What you will do: Starting at the line below with "Grammarly Blog: Spelling Words With Ei and Ie Handout Grammarly" and stopping at the line with "Wholesale Restaurantware Stainless", please print each line exactly, those two included, and skip every picture.

== Data provided

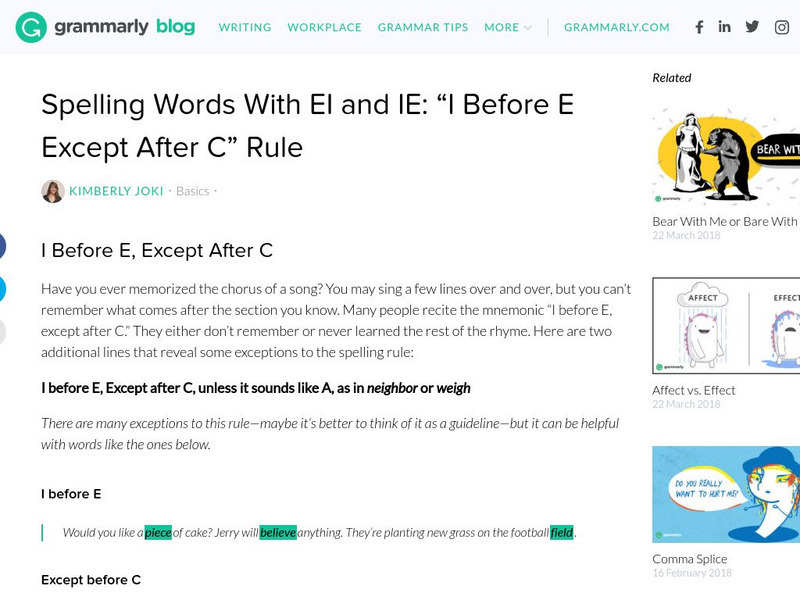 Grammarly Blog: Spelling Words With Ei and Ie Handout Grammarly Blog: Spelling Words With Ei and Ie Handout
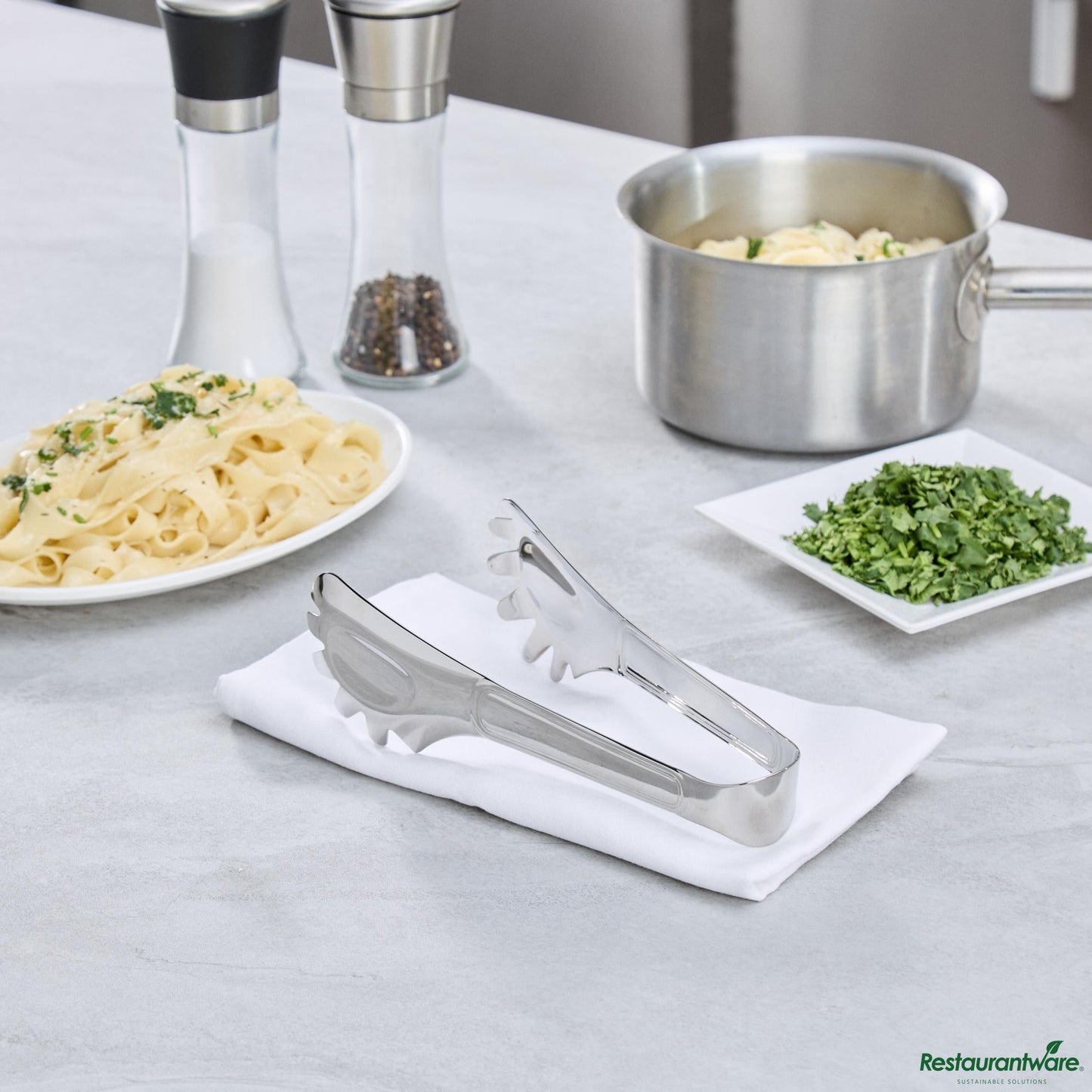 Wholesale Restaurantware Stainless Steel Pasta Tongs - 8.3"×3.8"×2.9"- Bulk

====
== Data provided

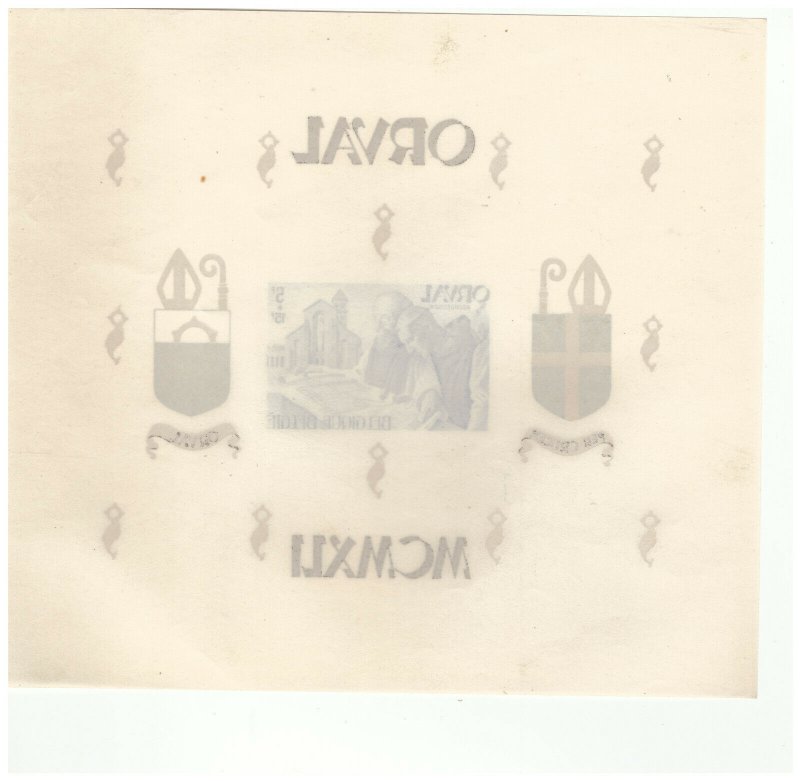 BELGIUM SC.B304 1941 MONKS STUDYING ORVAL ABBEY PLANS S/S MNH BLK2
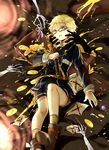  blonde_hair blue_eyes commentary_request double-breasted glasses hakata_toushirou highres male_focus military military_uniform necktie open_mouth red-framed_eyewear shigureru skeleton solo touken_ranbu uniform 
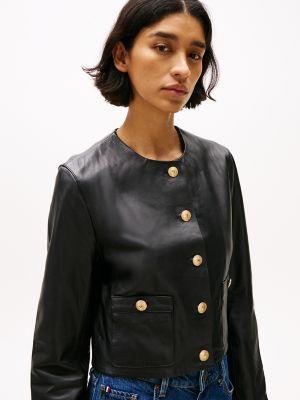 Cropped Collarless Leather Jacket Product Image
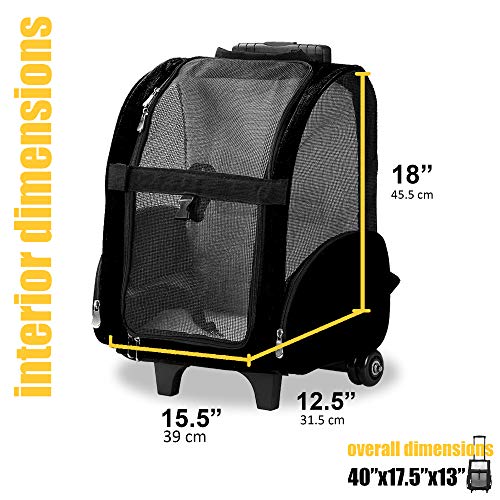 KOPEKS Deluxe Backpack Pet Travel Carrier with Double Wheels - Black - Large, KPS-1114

====
== Data provided

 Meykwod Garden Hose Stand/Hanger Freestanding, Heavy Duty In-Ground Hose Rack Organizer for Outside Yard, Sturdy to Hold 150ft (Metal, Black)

====

Result of this task:
 Grammarly Blog: Spelling Words With Ei and Ie Handout Grammarly Blog: Spelling Words With Ei and Ie Handout
 Wholesale Restaurantware Stainless Steel Pasta Tongs - 8.3"×3.8"×2.9"- Bulk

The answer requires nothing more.